The forest plot in Fig. 3 shows the results of meta-analysis comparing the efficacy of monotherapy with netarsudil versus latanoprost at weeks 2 and 4 to 6 after medication [1518]. A total of 648 patients were administered netarsudil, and 635 patients received latanoprost. The mean difference in the reduction in IOP after 2 weeks of drug administration was 0.41 mmHg (95% CI, −0.12 to 0.94) with netarsudil versus latanoprost. This implies that the reduction of IOP was greater by 0.41 mmHg in patients treated with latanoprost than in those with netarsudil, but the difference was not significant (p = 0.13). There was no heterogeneity between the studies (I2 = 0%), and all four articles showed that latanoprost had a greater effect than netarsudil, although the difference was not significant in any of the studies. When IOP was measured at 4–6 weeks after the start of drug administration, the reduction in IOP was greater by 0.95 mmHg with latanoprost monotherapy (95% CI, 0.43 to 1.47), with significance at 5%.

Fig. 3

Decreases in intraocular pressure with netarsudil versus latanoprost monotherapy. SD = standard deviation; IV = interval variable; CI = confidence interval.

2) Safety

The occurrence rate of CH, which is a common side effect of both netarsudil and latanoprost monotherapies, was analyzed [1518,24]. Fig. 4 presents the results of meta-analysis based on the two studies comparing netarsudil/ latanoprost FDC therapy and latanoprost monotherapy for up to 12 weeks [15,16]. The risk ratio was 3.01 (95% CI, 1.95 to 4.66), which means that the risk of CH was significantly higher with the combination therapy by threefold. Although the high I2 statistic (76%, p = 0.04) suggests heterogeneity between the two studies, the forest plot confirms that the risk of CH was consistently higher in patients who received netarsudil/latanoprost FDC therapy than in those who received latanoprost monotherapy in both studies (Fig. 4).

Fig. 4

Risk ratio of conjunctival hyperemia with netarsudil/latanoprost fixed-dose combination therapy versus latanoprost monotherapy. IV = interval variable; CI = confidence interval.

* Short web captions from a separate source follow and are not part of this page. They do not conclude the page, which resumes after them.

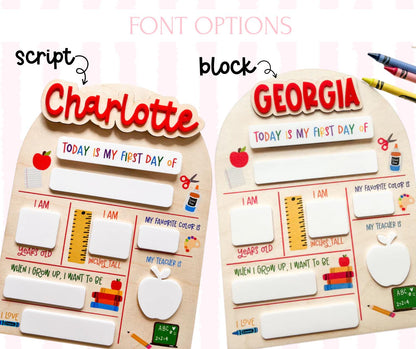 Back to School Arched Board, First Day of School Sign, Last Day of School Sign, Back to School for Teachers, Personalized Sign for School - product image 2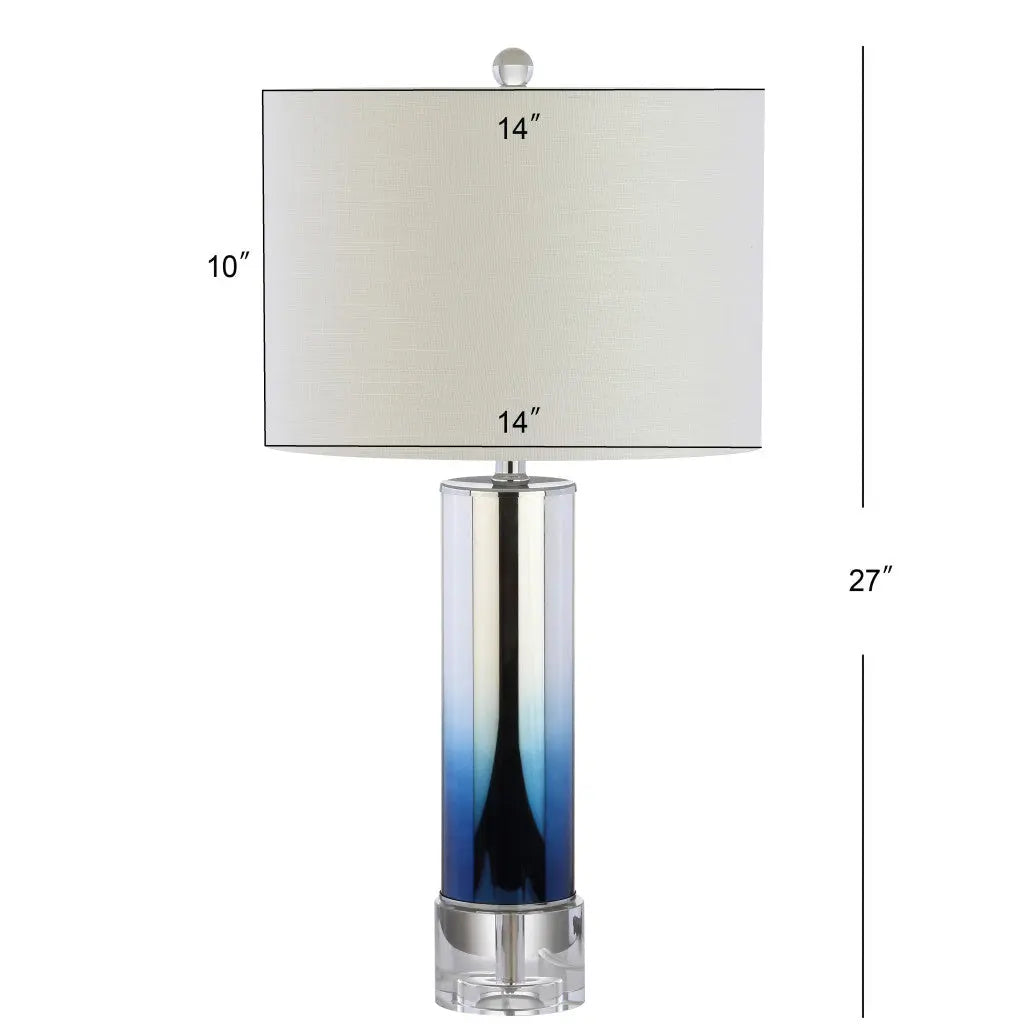 27" Clear Novelty Table Lamp With Drum Shade Homeroots Lighting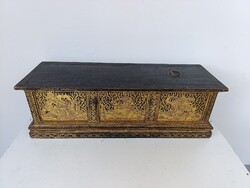 Antik buddhista szertartás eszköz tartó fa doboz arany festéses muzeális Thaiföld rámájana 834 6525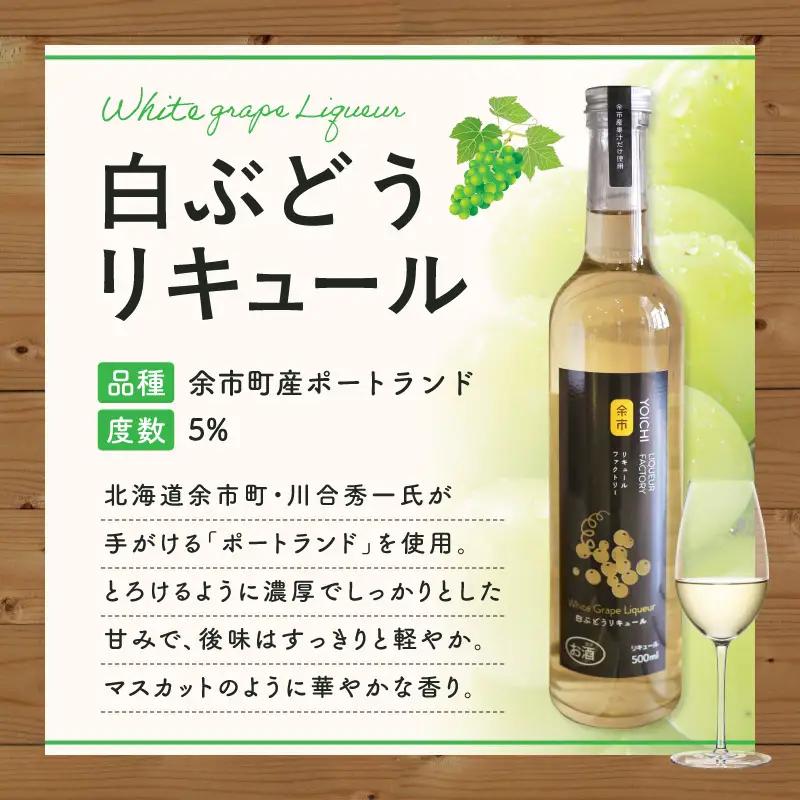 白ぶどうリキュール（ポートランド） 500ml ソーダ割り甘口 果実のご褒美 北海道余市産ぶどう使用_Y118-0004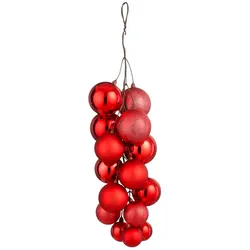 Anhänger Weihnachtskugeln   , rot , Kunststoff,Eisendraht , Maße (cm): H: 46  Ø: 16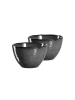 LEONARDO 2er Set Keramikschalen Matera in – ø 15.3 cm in Anthrazit
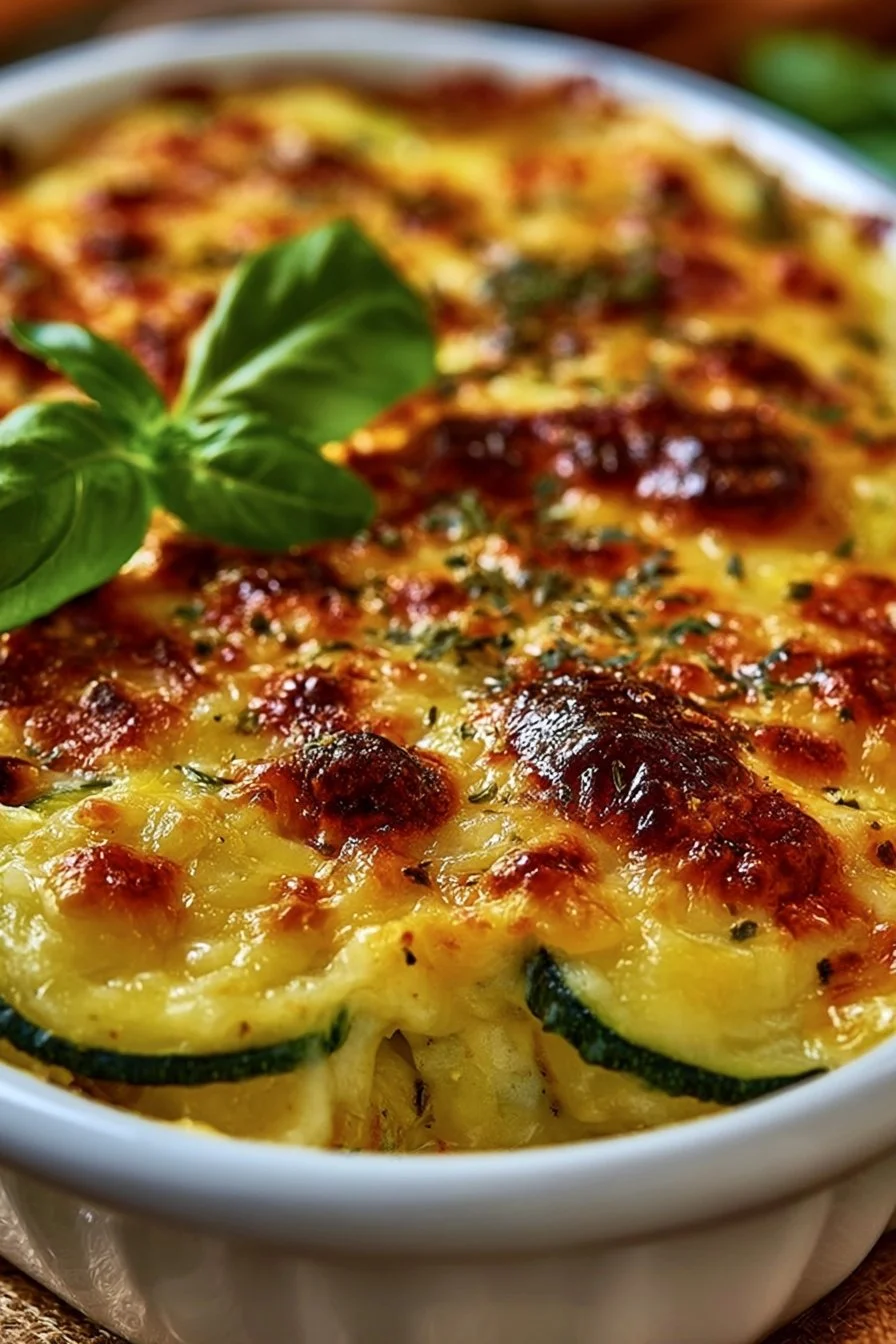 Light Parmesan Zucchini Gratin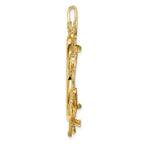 FJC Finejewelers 14 kt Yellow Gold and Textured Overlap Bamboo 27mm Prong Coin Bezel Pendant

Fig. 5 shows the results of meta-analyses comparing the risk of CH between netarsudil and latanoprost monotherapies. Subgroup analysis was performed according to medication period. When the drug was administered for 4 weeks, the risk ratio of netarsudil and latanoprost monotherapies was 2.97 (95% CI, 1.94 to 4.55), indicating 2.97 times higher risk of hyperemia among patients treated with netarsudil [17,18]. Similar results were obtained for a medication period of 12 weeks, with a 2.33 times (95% CI, 1.54 to 3.54) higher risk of CH with netarsudil monotherapy [15,16]. Although a significant heterogeneity was shown between the two studies (I2 = 72%, p = 0.06), the trend of higher risk among those treated with netarsudil was consistent in the two studies, with risk ratios of 2.93 (95% CI, 2.06 to 4.16) and 1.92 (95% CI, 1.46 to 2.51), respectively.

Fig. 5

Risk ratio of conjunctival hyperemia with netarsudil versus latanoprost monotherapies. IV = interval variable; CI = confidence interval.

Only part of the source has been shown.